講義のビデオは日本語でも英語でも字幕を表示でき、トランスクリプトもあります。ごく一部、翻訳に違和感がある点などもありますが基本的に日本語字幕で視聴できます。スキマ時間での視聴にはモバイルアプリがとても便利でした。

各動画には数回の選択式のクイズがあり、また各週には5問中、4問正解で合格となるクイズがあります。 動画の内容を理解した上で、教材を見返せば合格できる内容になっています。クイズは3回不合格になると次の受験まで8時間の待機時間がある点だけは注意です。

段階的に発展していく序盤

全11週60時間程度の講座は大きく分けて、教師あり学習、教師なし学習、大規模な機械学習システムのデザインというような流れで進みます。その中では個別の手法、線形回帰、ロジスティック回帰、ニューラルネットワークなどよく知られた手法の理論の解説と実装を繰り返していく流れになります。 さまざまなブログ記事でも触れられていますが、講師のAndrew Ng先生は込み入った部分については「この部分は理解できなくても大丈夫」と明確に言ってくれます。また数学的な証明などは講座の範囲外として、このアルゴリズムを実装するにはこの式を使えば良いというショートカットを提供してくれます。

講座で最初に取り扱う線形回帰とロジスティック回帰の2つの手法を起点として他の手法も解説していく事が多く、この2つの手法の解説にはじっくり時間を割いているように感じました。講義でいうと3周目くらいが終わる頃には時間配分的には半分近い分量になっているように感じます。そしてニューラルネットワークが出てくると話題の転換のペースも上がってくるのでまずは線形回帰、ロジスティック回帰を頑張って理解し、ニューラルネットワークが始まる辺りがよい目標になるように思います。

応用的な話題を扱う終盤

講座の終盤では応用的な話題として協調フィルタリングによるレコメンデーションシステム、写真から文字を認識するOCRシステムなどを取り扱います。どちらも利用者目線でも開発者目線でも身近な例です。一方でこれらを構築する経験というのは希少です。 あくまでシンプルな例ではあるものの、元となるデータからスタートしてどのように処理を行うのかを順を追って解説するというのは興味深く面白い講義でした。
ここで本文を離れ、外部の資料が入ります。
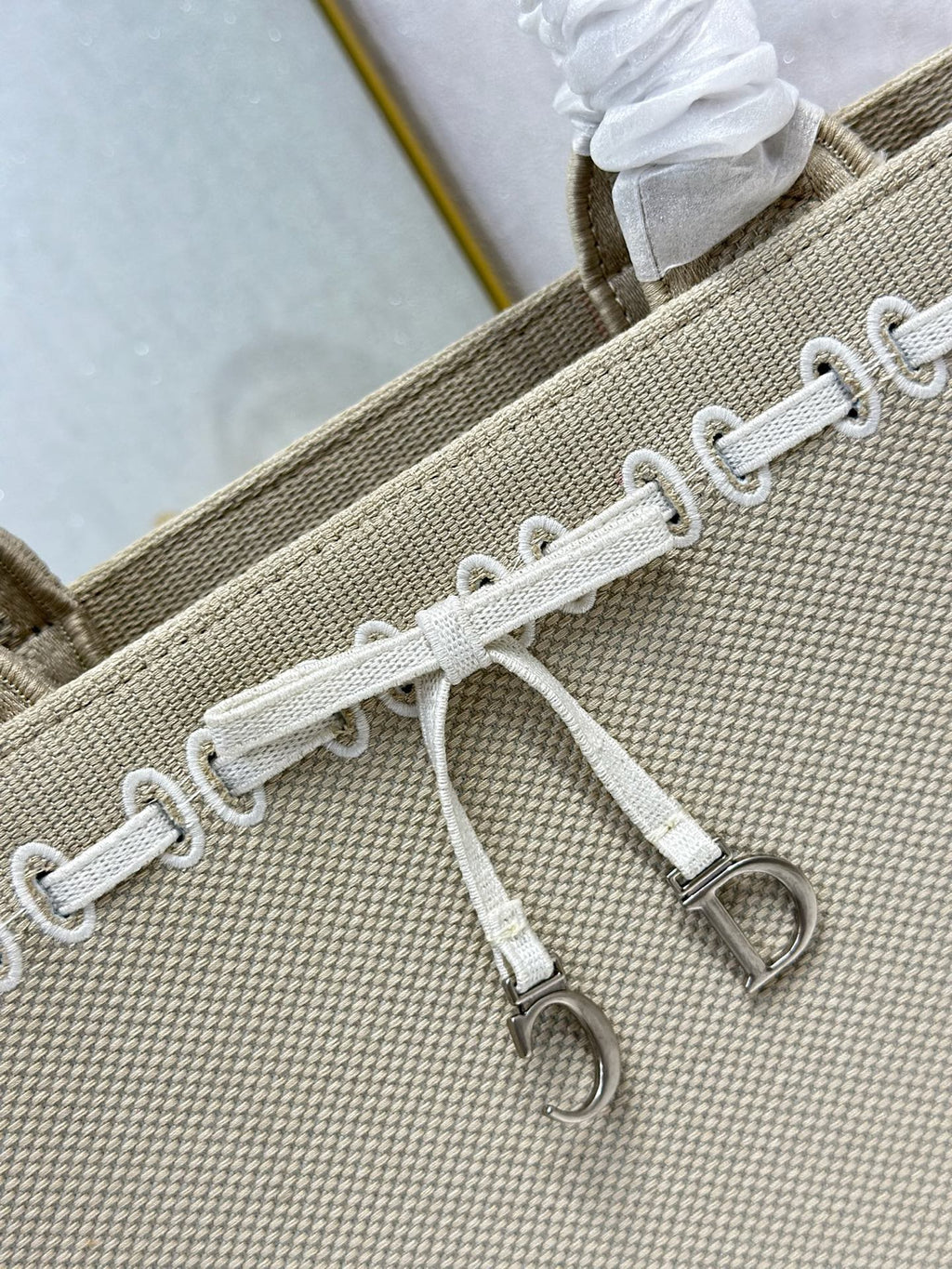 D-Book Tote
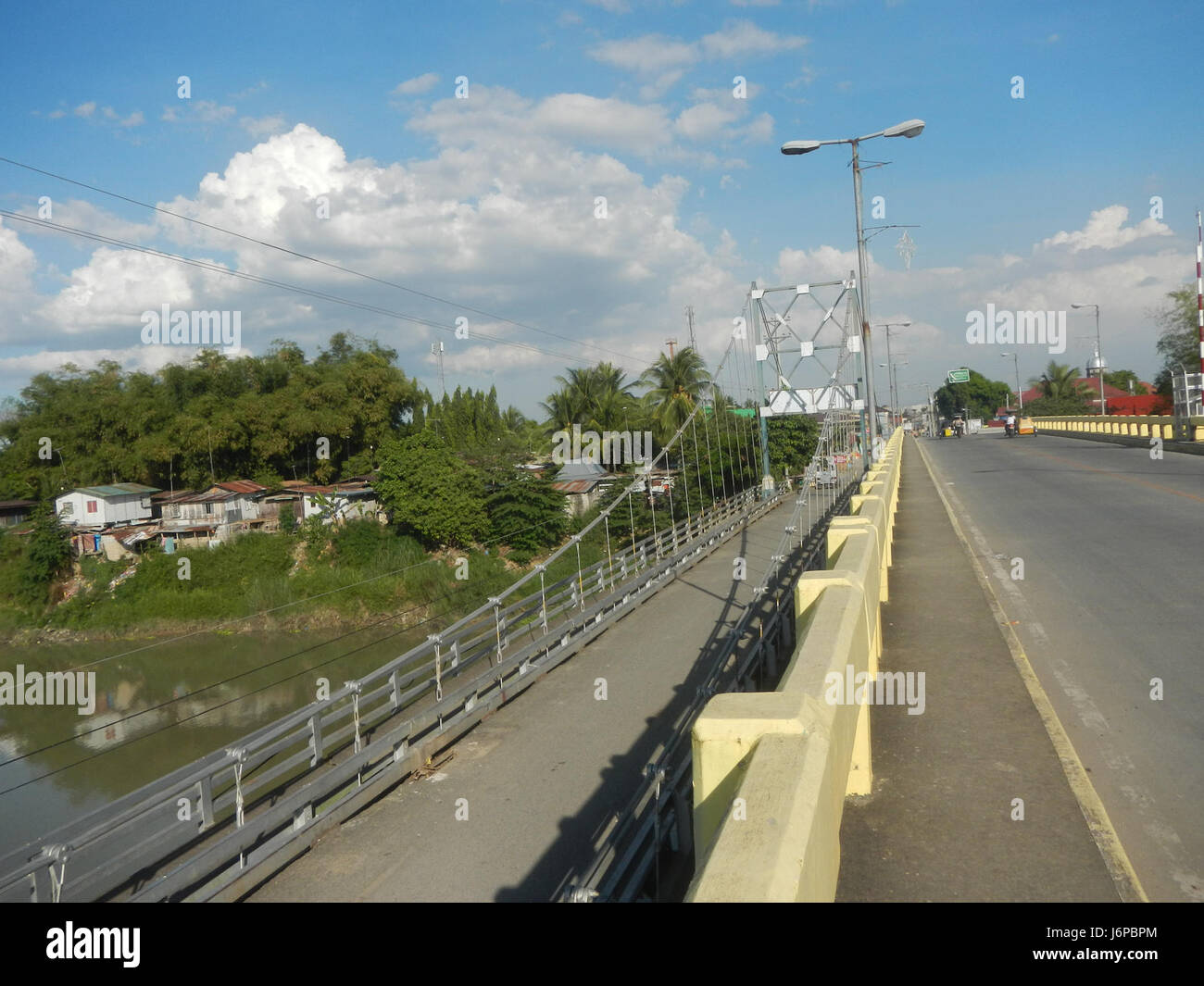 09637 Candaba Golden Gate vecchi nuovi ponti sul fiume Pampanga 2017 36 Foto Stock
実際に機械学習を利用したシステムを設計する際もパイプラインの設計や学習データの確保など同様の流れを行う事になるので、複数の題材で流れに沿って解説をするというのはよい内容だと思います。

プログラミング課題のテストケースが助けに

この講座にはOctaveによるプログラミング課題があります。 想定所要時間3時間の課題が2週から9週までの8回分で、それなりの所要時間です。
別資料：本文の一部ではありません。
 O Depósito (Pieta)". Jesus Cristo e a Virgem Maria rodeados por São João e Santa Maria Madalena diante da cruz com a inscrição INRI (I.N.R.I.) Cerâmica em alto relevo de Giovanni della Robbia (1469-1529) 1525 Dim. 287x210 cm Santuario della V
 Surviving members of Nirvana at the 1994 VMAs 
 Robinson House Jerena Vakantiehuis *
実際に記述する内容は数行から数十行程度で、課題が記載されたPDFや講義のスライドにあった数式をOctaveにどのように再現していくかという形です。 Octave上でのデバッギングなどに慣れない最初の課題は5時間くらいかかってしまいましたが、慣れてくると所要時間の半分程度で終わるようになってきました。
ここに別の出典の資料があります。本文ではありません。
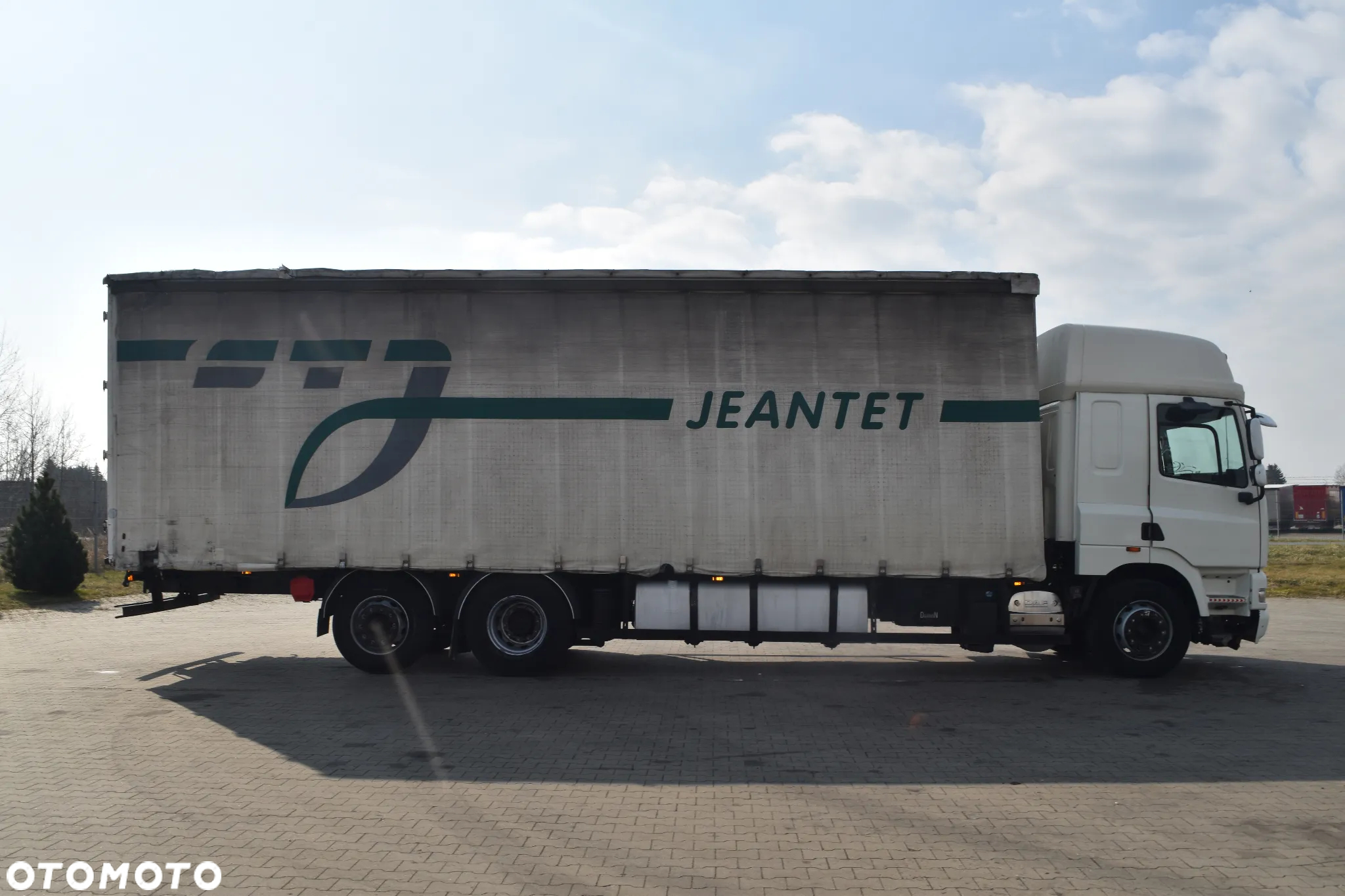DAF CF 85.360 - 8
コードが出来上がったら提出用のスクリプトを実行すると採点結果が表示されます。この採点は難度失敗しても待機時間などは発生しないので安心して実行できます。

動かないコードをフォーラムに投稿して質問するような事が禁止されており、詰まった時にどうやって解消するのかは不安がありました。ですが、実際はFAQやリソースが整備されておりそれらを参照すれば解消できるようになっていました。

特に便利だったのがテストケースとチュートリアルです。実装する課題はすべて関数化されているので、テストデータと結果、場合によっては中間変数の内容がテストケースとして提供されています。これらを見ることで具体的な挙動や間違っている部分を理解する事が出来ました。

詰まってしまう事もあるのですが、その際には基本的な見落としがある事が多く、プログラミング課題で試行錯誤する中で実装しようとしているロジックの理解が深まるように設計されているのではと思います。

認定証の発行

講座の受講は無料でも可能ですが、認定証の発行は有料となっています。今回は休暇中に完了したかった事もあり最初から料金を支払って進めました。受講完了後に料金を支払って認定証を発行する事もできるはずです。

まとめ

講座を通じて、機械学習が独立した技術領域というより、ソフトウェアに実装されるアルゴリズム、デザインの一つであるような感覚を持ちました。概要は理解していても、理論や実装の解説を見ることで理解の解像度が劇的に上がったと感じます。講座が終わってみると、これまで関わったシステムやプロジェクトについて思い返す事が多々ありました。

この講座は公開されてから時間が立っています、またディープラーニングについては取り扱っていません。機械学習の入門としては今でも非常に優れた教材で受講する価値があると思います。トータルの所要時間は60時間程度ですが、YouTubeやNetflixを見ている時間を一定程度振り向ければカジュアルに受講できる分量かなと思いました。(自分は受講期間中は以前ほどYouTubeなどの配信を見なくなりました)

また講師のAndew Ng先生の解説スタイルが良かったでの他の講義も受講してみようという気になりました。やはり人気のあるコンテンツだけあって、素晴らしい内容でした。この講座が気になっている方は、受講してみることをおすすめします。